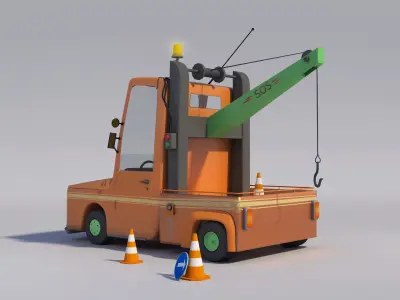  3d Evakuator car Low-poly 3D model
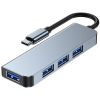 Tech-Protect V1 Hub Adapter 4 in 1 - Type-C Αντάπτορας Αλουμινίου Με 4 x USB-A - Grey (9589046919367)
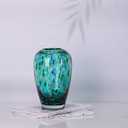 9" Tall Teal Vase Hand Blown Glass Vase Green, Modern Teal Home Table Centerpieces Wide Mouth Vases for Bud&Flower Decor - Ideal Living Room, Kitchen, Wedding, Dining Table, Office Center Table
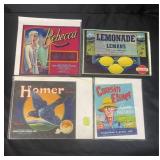 Group of vintage fruit & vegetables labels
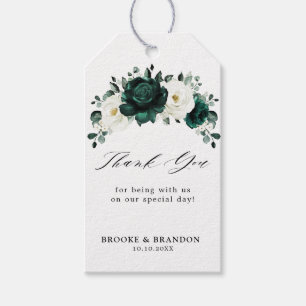 Emerald Greenery Eucalyptus White Floral Wedding Cadeaulabel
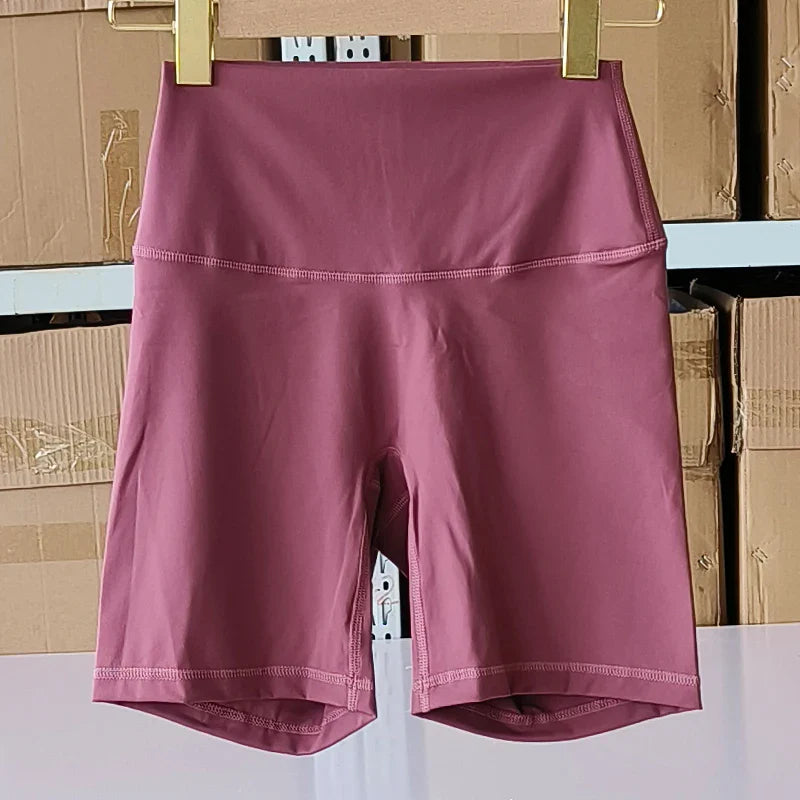 Women Sports Shorts High Waist Yoga Shorts Slim Fit Butt Lift Gym Running High Elastic Nylon Shorts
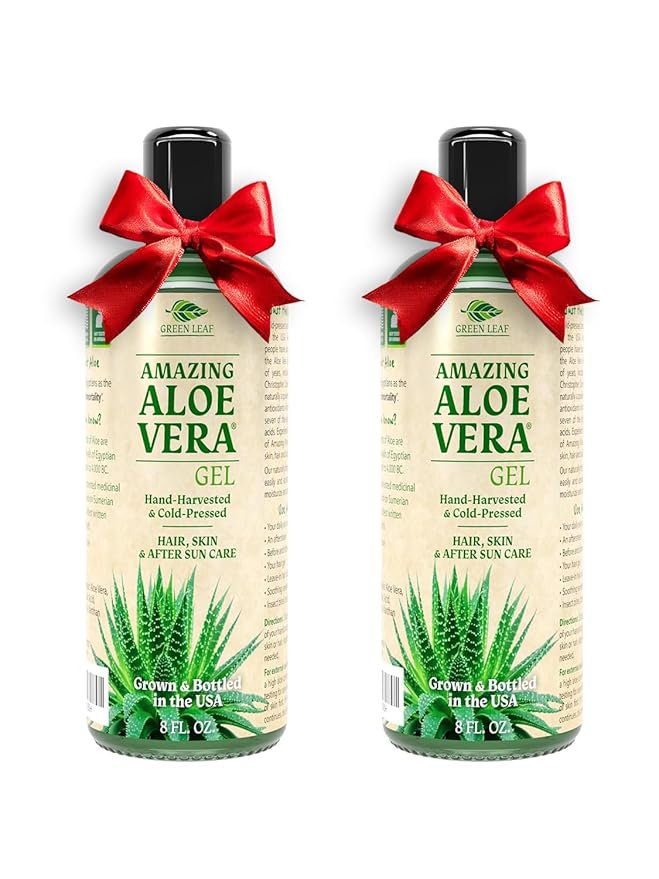 Amazing Aloe Vera Gel - Freshly Cut, 100% Pure Aloe, Premium Quality, Vegan, Unscented - Natural Sunburn Relief, After Shave, Skin, Face & Hair Care (two 8oz bottles) 16oz-VivaGrace Women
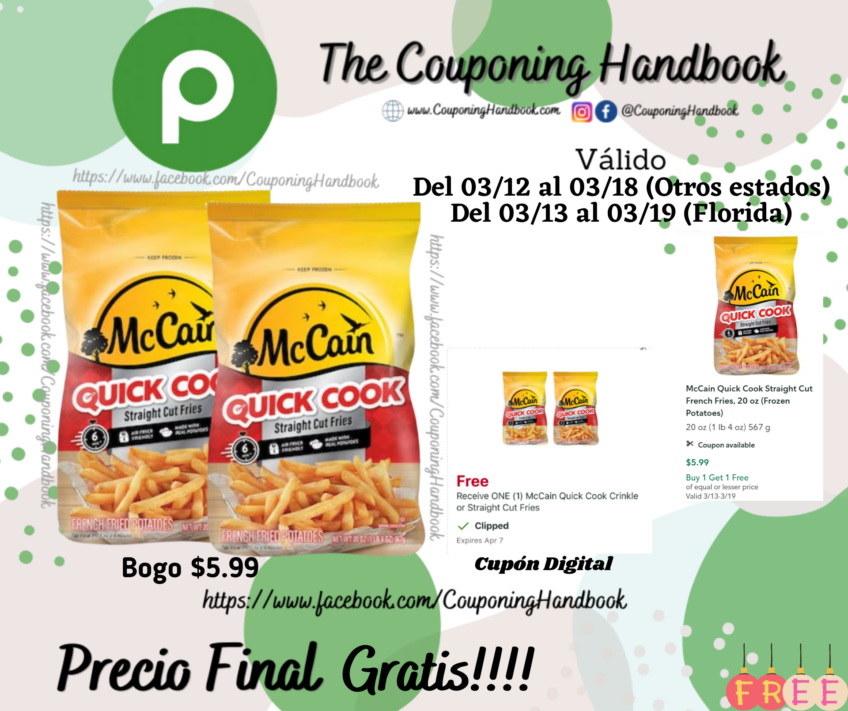 02 McCain Quick Cook Straight Cut French Fries, 20 oz (Frozen Potatoes) Gratis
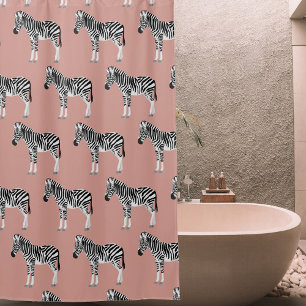 Rideaux De Douche Zebra Exotic Animal Motif rose pâle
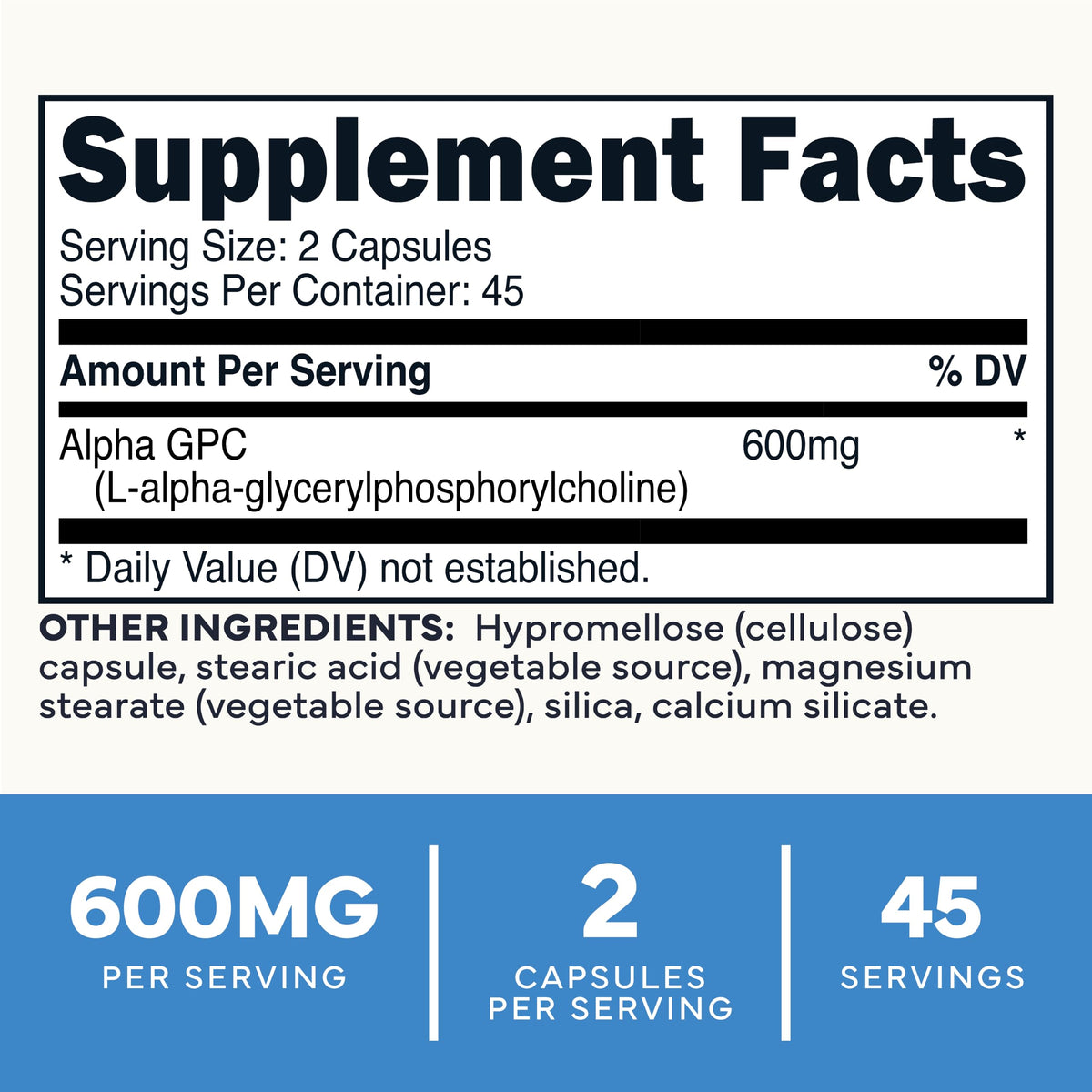 Type Zero Alpha GPC 600mg 90 capsules, étiquette détaillant les ingrédients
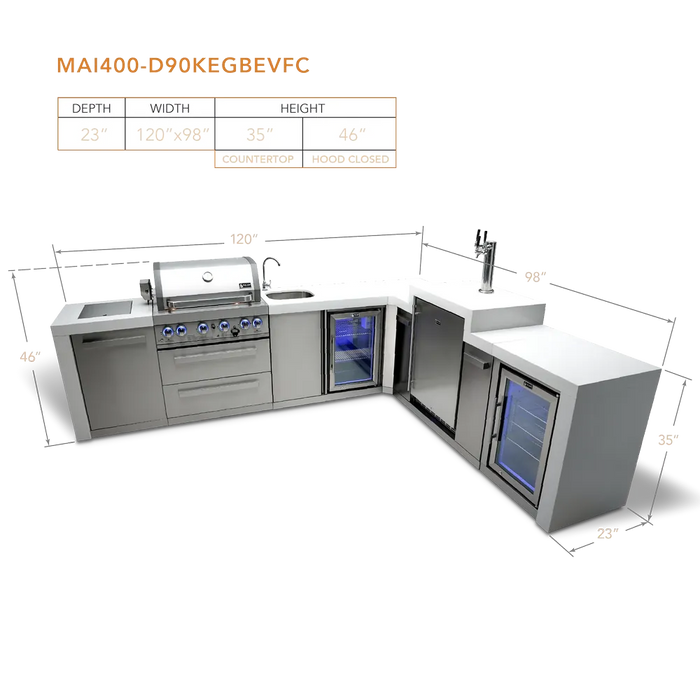 Mont Alpi Mont Alpi 4 Burner L-Shaped Deluxe Series Outdoor Kitchen Island with a Kegerator, Beverage Center, and Fridge Cabinet MAi400-D90KEGBEVFC Barbecue Finished - Gas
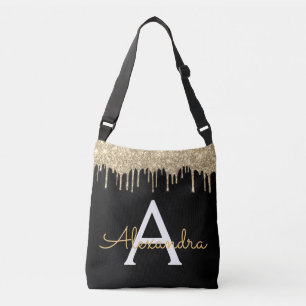 Gold Black Luxury Glitter Glam Monogram Naam Crossbody Tas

------------

What needs to be done:
Copying starts at the line containing "Mont Alpi Mont" and ends at the last line of the material above; repeat only those lines exactly and omit the pictures.

Answer:
 Mont Alpi Mont Alpi 4 Burner L-Shaped Deluxe Series Outdoor Kitchen Island with a Kegerator, Beverage Center, and Fridge Cabinet MAi400-D90KEGBEVFC Barbecue Finished - Gas
 Gold Black Luxury Glitter Glam Monogram Naam Crossbody Tas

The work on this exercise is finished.